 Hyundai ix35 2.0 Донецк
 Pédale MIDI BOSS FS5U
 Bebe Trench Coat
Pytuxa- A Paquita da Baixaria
......
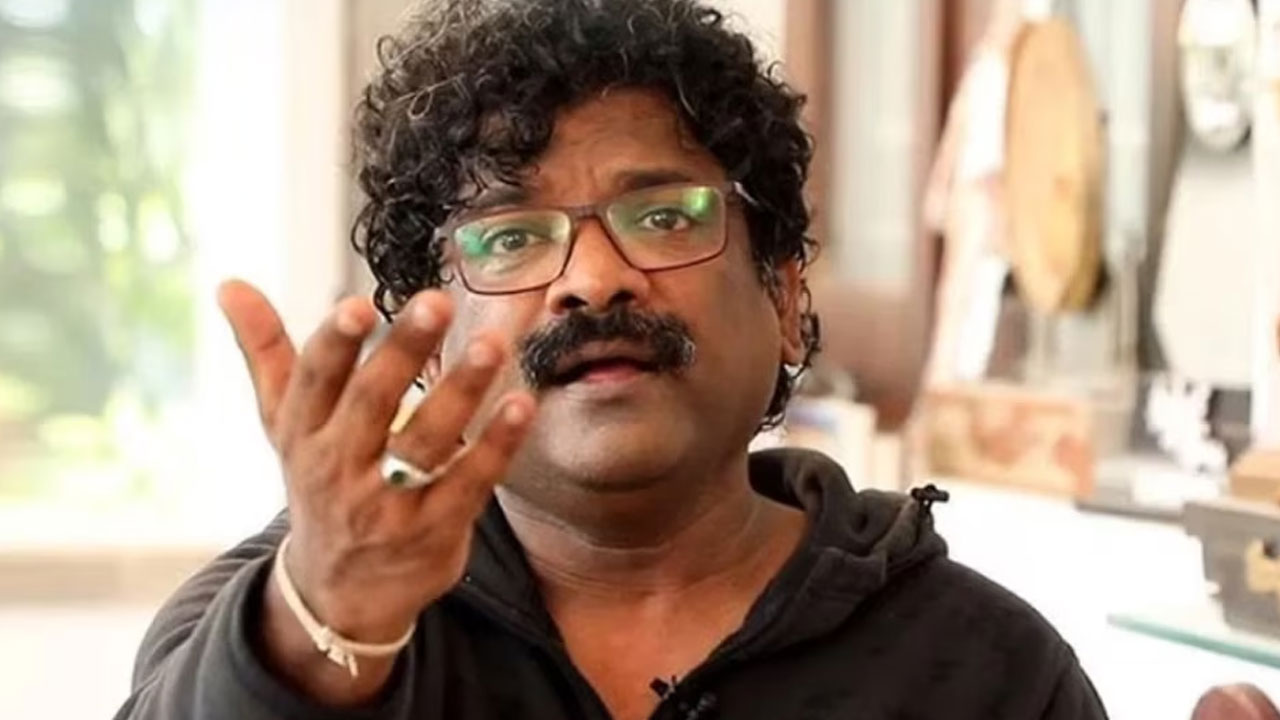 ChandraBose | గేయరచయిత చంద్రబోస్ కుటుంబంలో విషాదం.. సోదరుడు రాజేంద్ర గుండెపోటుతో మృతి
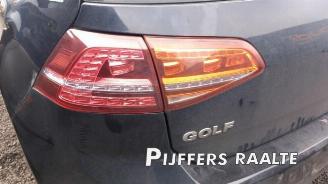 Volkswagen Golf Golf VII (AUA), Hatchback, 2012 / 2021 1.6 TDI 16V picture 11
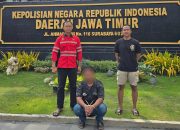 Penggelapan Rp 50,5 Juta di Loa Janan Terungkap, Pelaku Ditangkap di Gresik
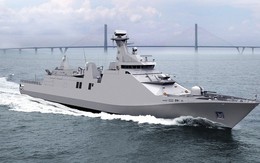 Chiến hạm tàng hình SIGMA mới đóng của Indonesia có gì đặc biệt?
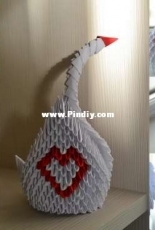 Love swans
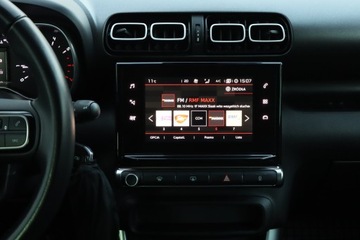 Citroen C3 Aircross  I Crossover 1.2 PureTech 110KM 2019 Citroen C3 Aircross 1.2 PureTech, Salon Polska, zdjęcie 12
......
### Exercise:
Write out exactly the run of lines above that starts at the line containing "Chiến hạm tàng" and ends at the line containing "Polska, zdjęcie 12". Include both, and leave the pictures out.

### Exercise solution:
 Chiến hạm tàng hình SIGMA mới đóng của Indonesia có gì đặc biệt?
 Love swans
 Citroen C3 Aircross  I Crossover 1.2 PureTech 110KM 2019 Citroen C3 Aircross 1.2 PureTech, Salon Polska, zdjęcie 12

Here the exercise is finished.